The awarding of a major telecommunications contract in Myanmar to Qatar’s Ooredoo has sparked religious hatred among radical Buddhists.
Hours after the announcement on Thursday, a monk who is one of the leaders of a radical nationalist Buddhist movement called for a boycott of one of the two companies because it is based in Qatar, a Muslim country.
“Did the government have such little choice?” the monk, Ashin Wimala, a leader of the 969 movement, said in an interview with the New York Times.
“Why did they award this to a Muslim company?”
There also was a flurry of critical comments on the Facebook page where the government announcement was posted.
“Why? Why? Why Muslim company omg,” said one.
“Say no to Ooredoo,” said another.
Ooredoo and Telenor Mobile Communications of Norway each won a 15-year licence to provide mobile services to the south-east Asian nation, which is emerging from a long history of being ruled by a military junta.
The contract will require building networks from scratch in a country where a tiny 5-10 percent of the 55m population has access to mobile coverage.
Myanmar was ruled by a military junta until two years ago and the subsequent lifting of US-imposed sanctions has seen foreign investment rise exponentially.
Both Ooredoo and Telenor have plenty of cash flow, which will be needed to help Mynamar invest in the critical infrastructure it is lacking.
But there is a strong anti-Muslim sentiment among the population, of which about 90 percent are Buddhist.
In recent months, the leaders of the 969 movement have called for a boycott of shops owned by Muslims and products they say are linked to companies owned by Muslims.

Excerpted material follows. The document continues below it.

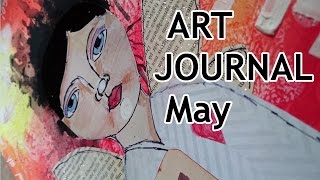 Art Journal May 2016 Mission Inspiration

The movement says the country’s Buddhist character is under threat and has proposed banning marriages between Muslims and Buddhists, according to the New York Times.
Over the last year, Buddhist lynch mobs have killed more than 200 Muslims and forced more than 150,000 people, mostly Muslims, from their homes.
On Sunday, the movement appeared to receive the blessing of President Thein Sein when he issued a statement calling Ashin Wirathu, the spiritual leader of the movement, “a son of Lord Buddha.”
However, the government stood by its selection of Ooredoo.
“We selected them for a license on the basis of their services: they have a good telecom service in Singapore,” U Ye Htut, a government spokesman, told the New York Times.
Ooredoo chairman Sheik Abdullah bin Mohammed bin Saud al-Thani said in a statement on Thursday that Myanmar would “undoubtedly become a key market” for the company.